You may be wondering why your miscarriage occurred. Here are some of the reasons why a miscarriage may occur:
- Genetics: this is when the building blocks of DNA have not developed in the correct way right from the start and the pregnancy was unable to survive. 3 out of 4 miscarriages in the first trimester are caused by this.
- Hormones: women with irregular cycles may find it harder to conceive and when they do may be at higher risk of miscarrying.
- Blood clotting: Any problems with the blood vessels that feed the placenta can lead to miscarriage especially if the blood clots more than it should.
- Infection: coughs and colds are not harmful to your pregnancy but very high temperatures or some illnesses like German Measles may increase the risk of miscarriage.

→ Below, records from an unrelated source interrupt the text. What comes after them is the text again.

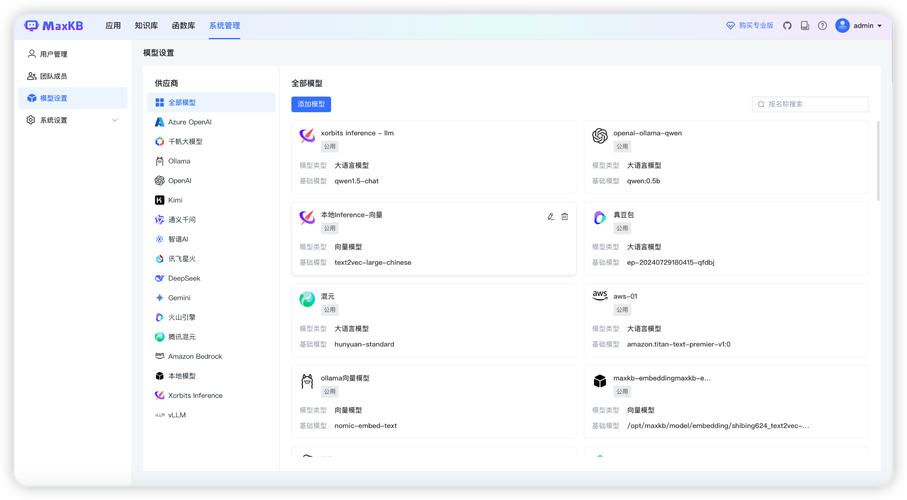 MaxKB – 飞致云推出的开源AI知识库问答系统  第1张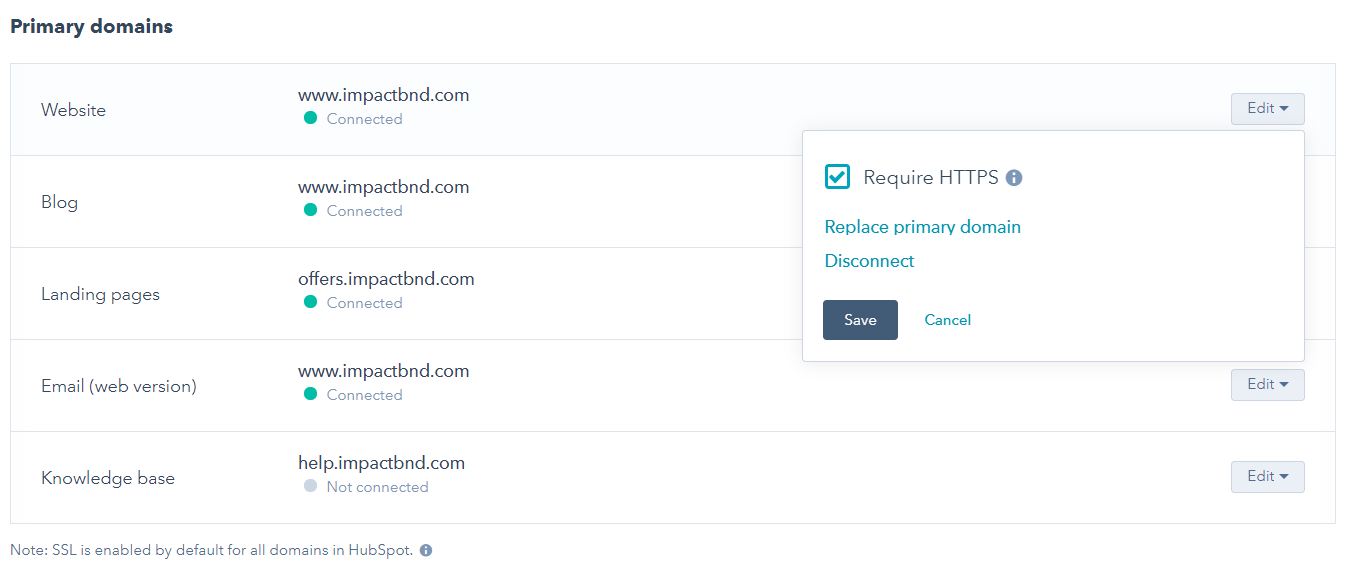 What is black hat and white hat SEO?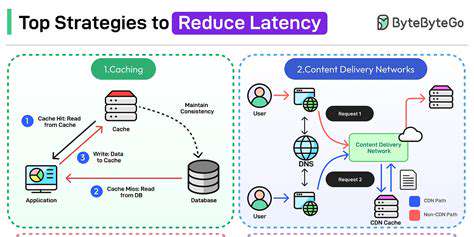 ReducedLatency:Real-timeCollaborationatitsFinest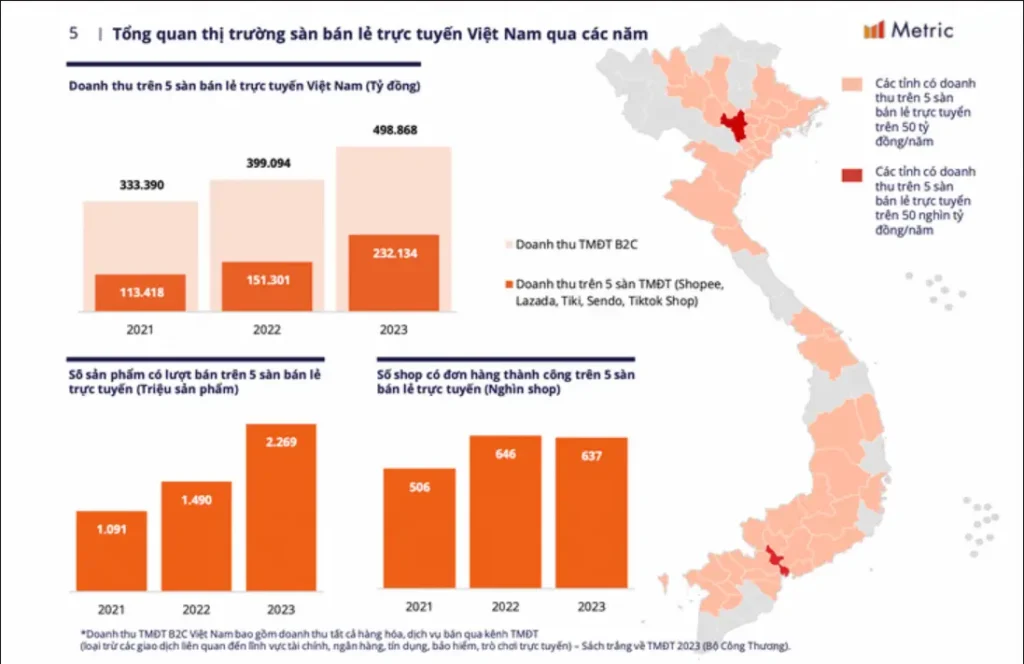 báo cáo tổng quan thị trường thương mại điện tử Việt Nam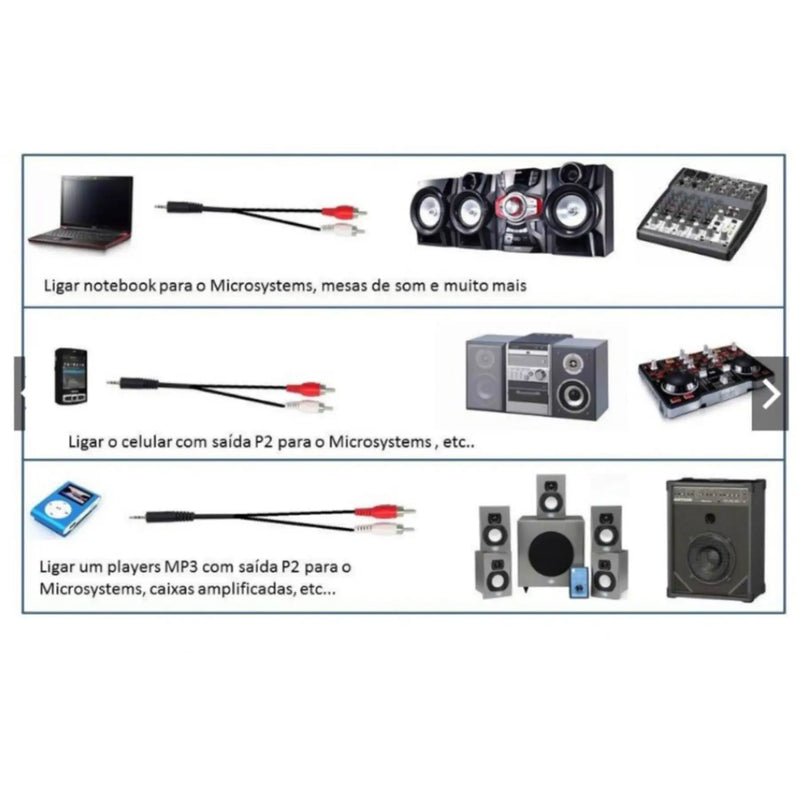 Cabo Auxiliar P2 Macho X Rca Macho Audio 1,5m P Som Tv Audio Video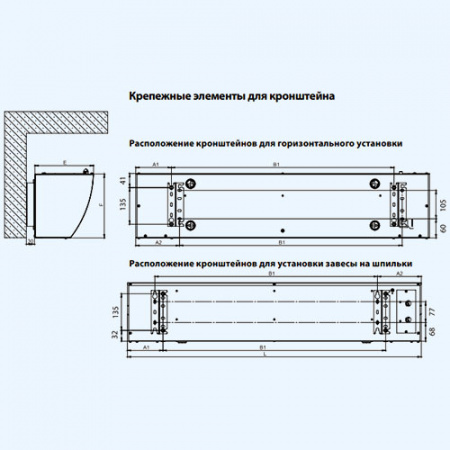 BHC-B15T09-PS Ballu Электрическая тепловая завеса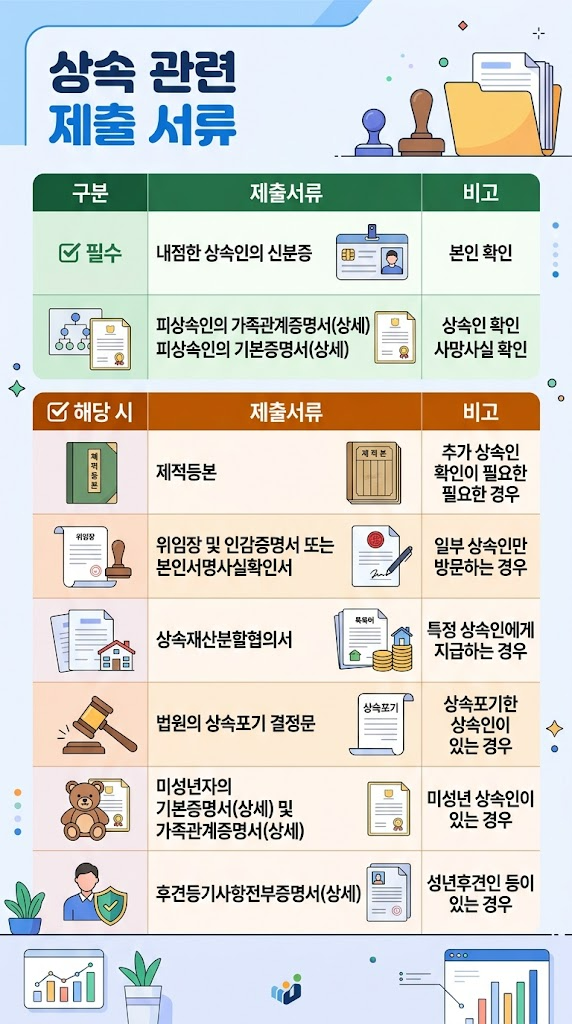 배우자 사망 시 주식 및 예금 인출 방법 | 상속예금 지급 절차와 필요서류 총정리 관련 이미지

- Anatomical: if the cervix (the neck of the uterus) is shortened or weak it may start to open as the uterus becomes heavier in later pregnancy which can be a cause of miscarriage. If the uterus is an irregular shape there may not be enough room for the baby to grow. Large fibroids (benign growths in the uterus) may be a cause of miscarriage in later pregnancy.
There are some myths about causes of pregnancy loss which are not true:
The mother being stressed or depressed, working, standing or sitting for long periods of time, travelling by air, having sex, having a scare or a fright, or eating spicy food cannot contribute to a miscarriage. It is highly unlikely that anything ‘you did’ led to your loss.
However, we do know that some controllable factors may mean a pregnancy is at higher risk of miscarriage. These are if the mother is obese, smokes, uses drugs, drinks alcohol or has a lot of caffeine.